Captioned web image data
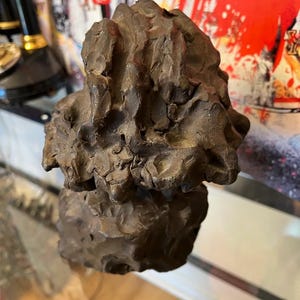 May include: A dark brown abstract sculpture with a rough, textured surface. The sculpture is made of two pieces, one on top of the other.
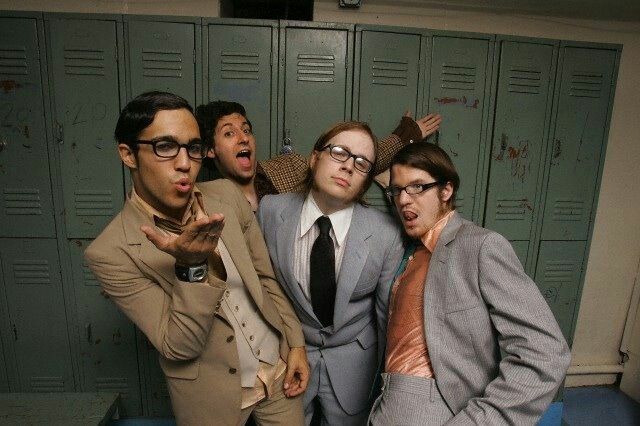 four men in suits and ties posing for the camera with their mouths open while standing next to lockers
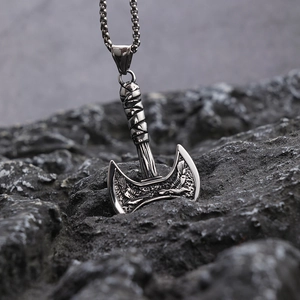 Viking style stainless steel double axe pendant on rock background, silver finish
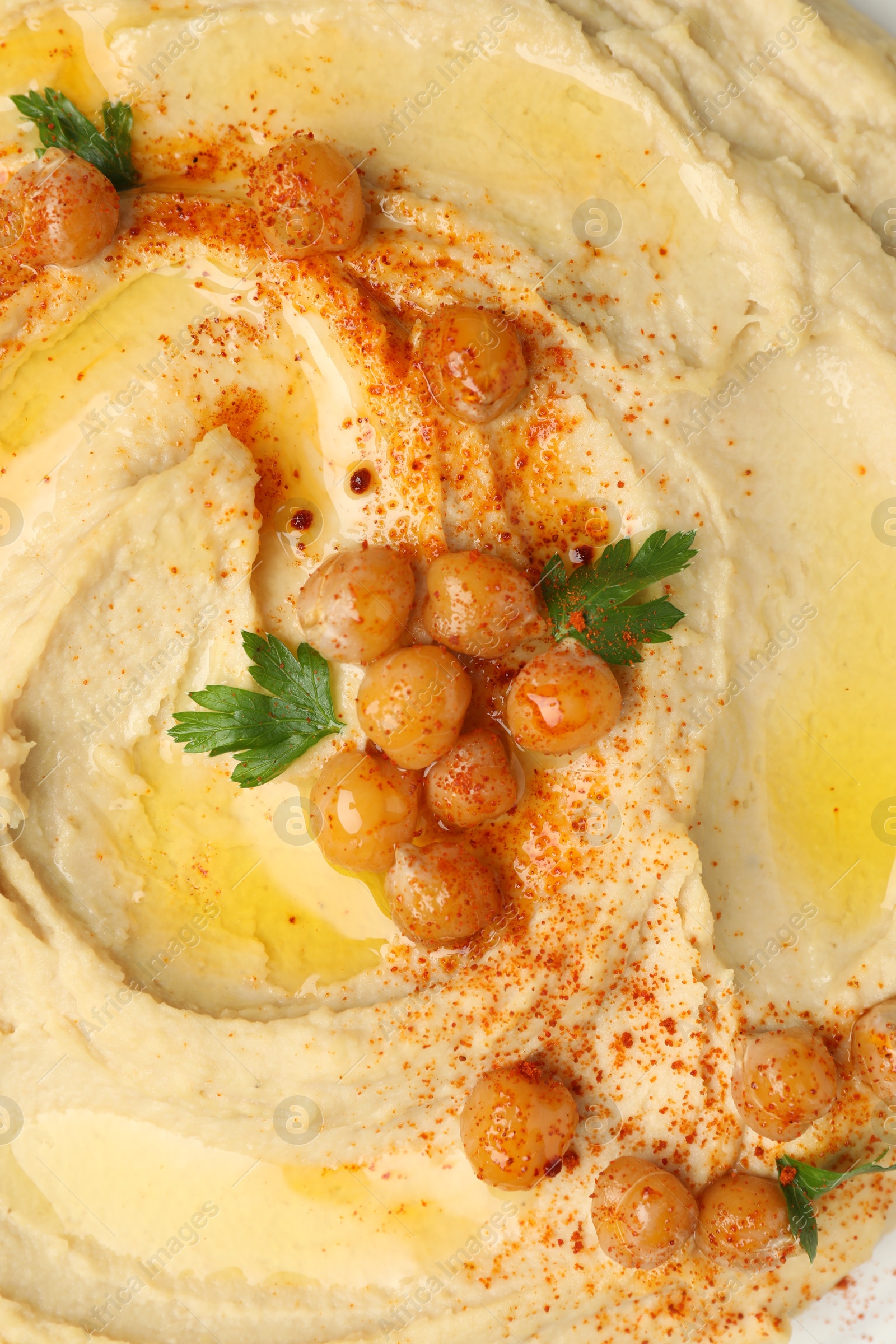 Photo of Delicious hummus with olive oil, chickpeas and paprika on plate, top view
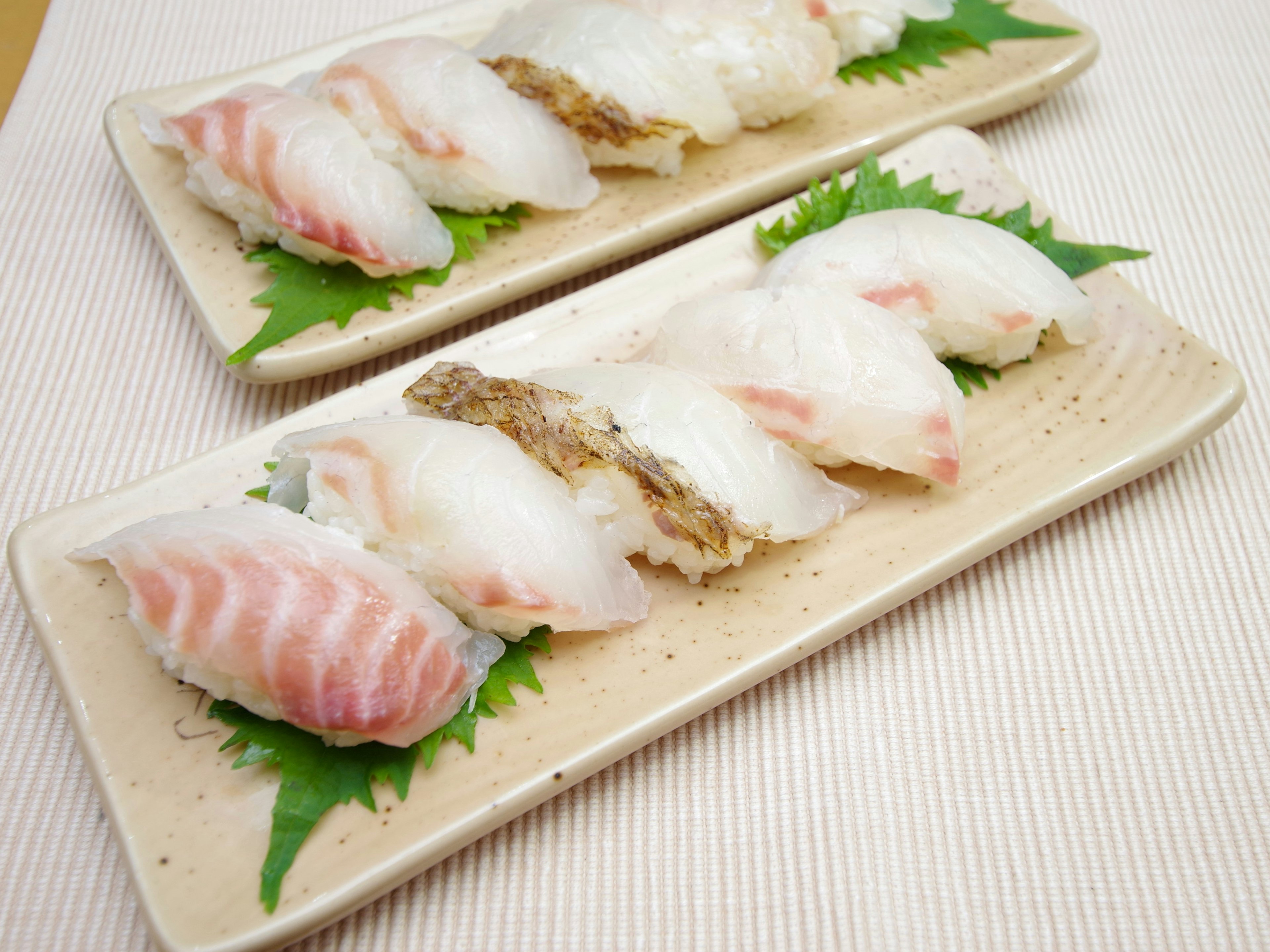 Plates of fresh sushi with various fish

Your assignment => Each record has to be set down verbatim, and the pictures must not appear in the copy.

Solution for this exercise =>
 May include: A dark brown abstract sculpture with a rough, textured surface. The sculpture is made of two pieces, one on top of the other.
 four men in suits and ties posing for the camera with their mouths open while standing next to lockers
 Viking style stainless steel double axe pendant on rock background, silver finish
 Photo of Delicious hummus with olive oil, chickpeas and paprika on plate, top view
 Plates of fresh sushi with various fish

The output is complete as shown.